Material provided:
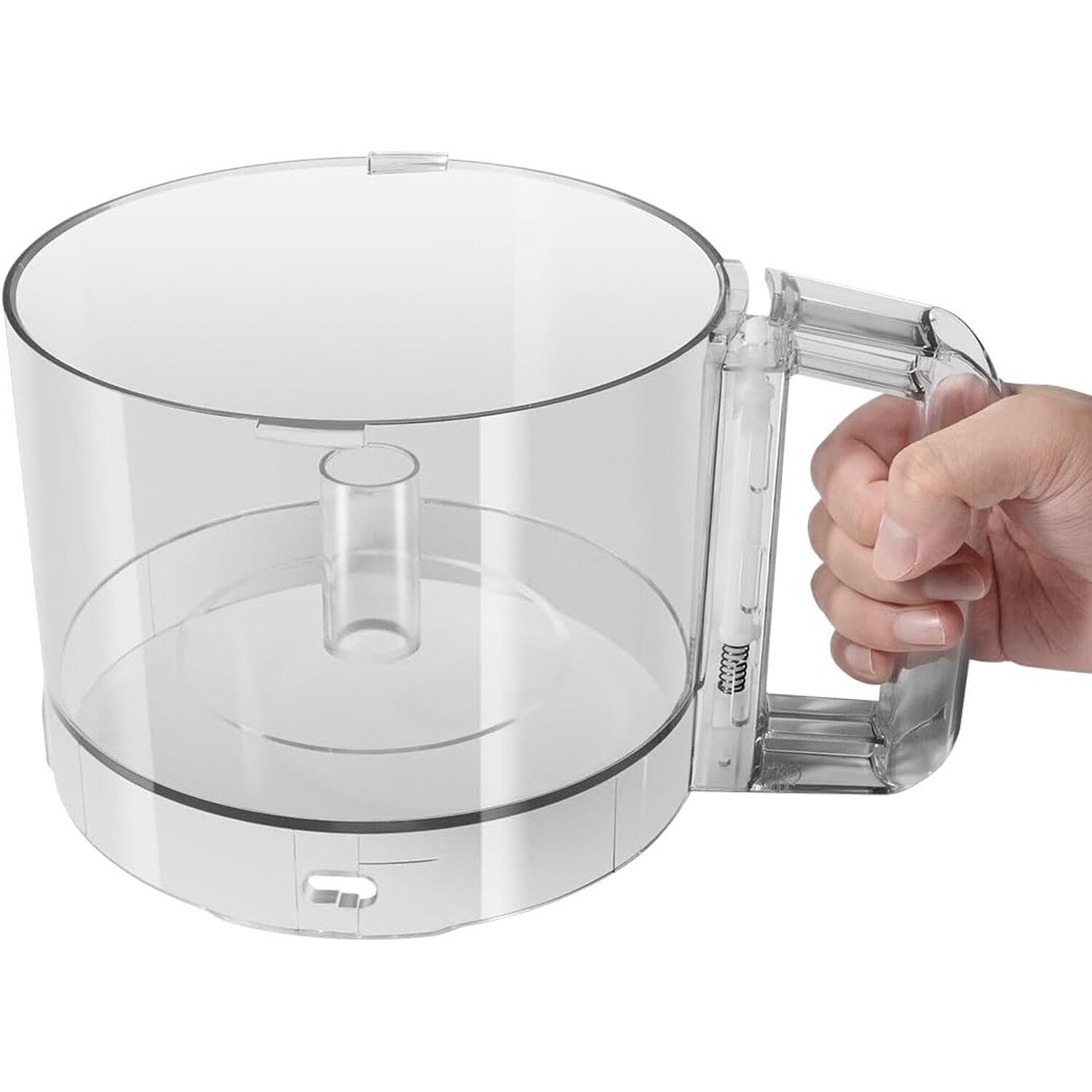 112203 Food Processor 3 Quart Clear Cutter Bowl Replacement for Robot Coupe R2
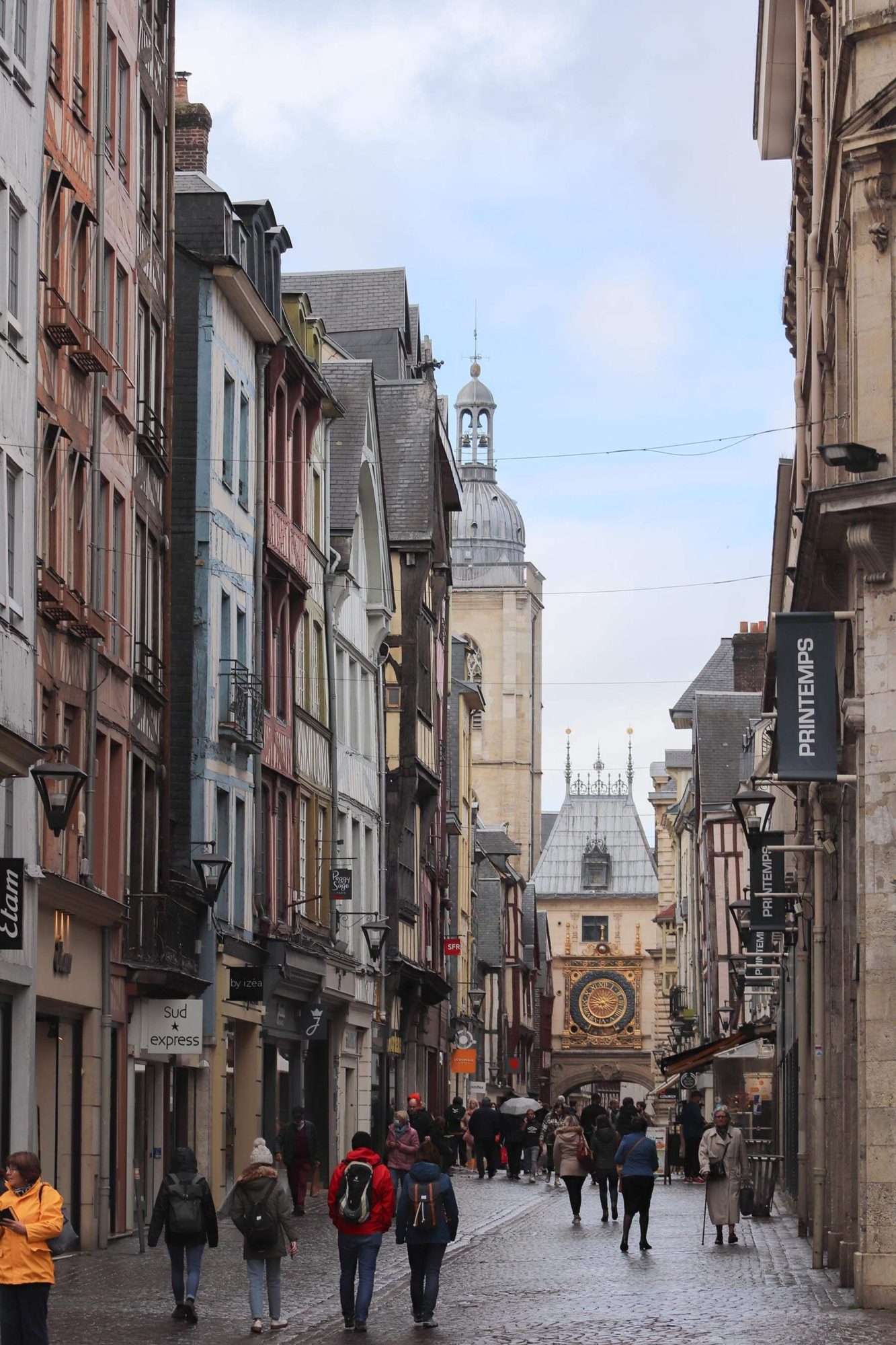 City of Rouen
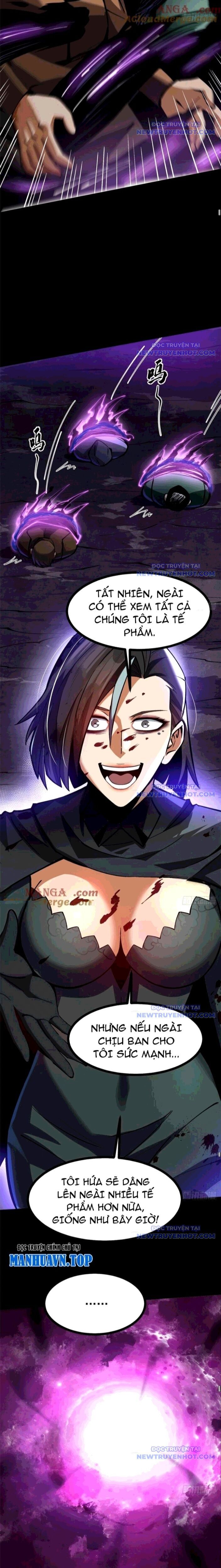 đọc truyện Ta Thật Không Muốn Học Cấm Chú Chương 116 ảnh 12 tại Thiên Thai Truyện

Exercise brief:
Please write the data out again exactly, but do not carry over the pictures.

Result below:
 112203 Food Processor 3 Quart Clear Cutter Bowl Replacement for Robot Coupe R2
 City of Rouen
 đọc truyện Ta Thật Không Muốn Học Cấm Chú Chương 116 ảnh 12 tại Thiên Thai Truyện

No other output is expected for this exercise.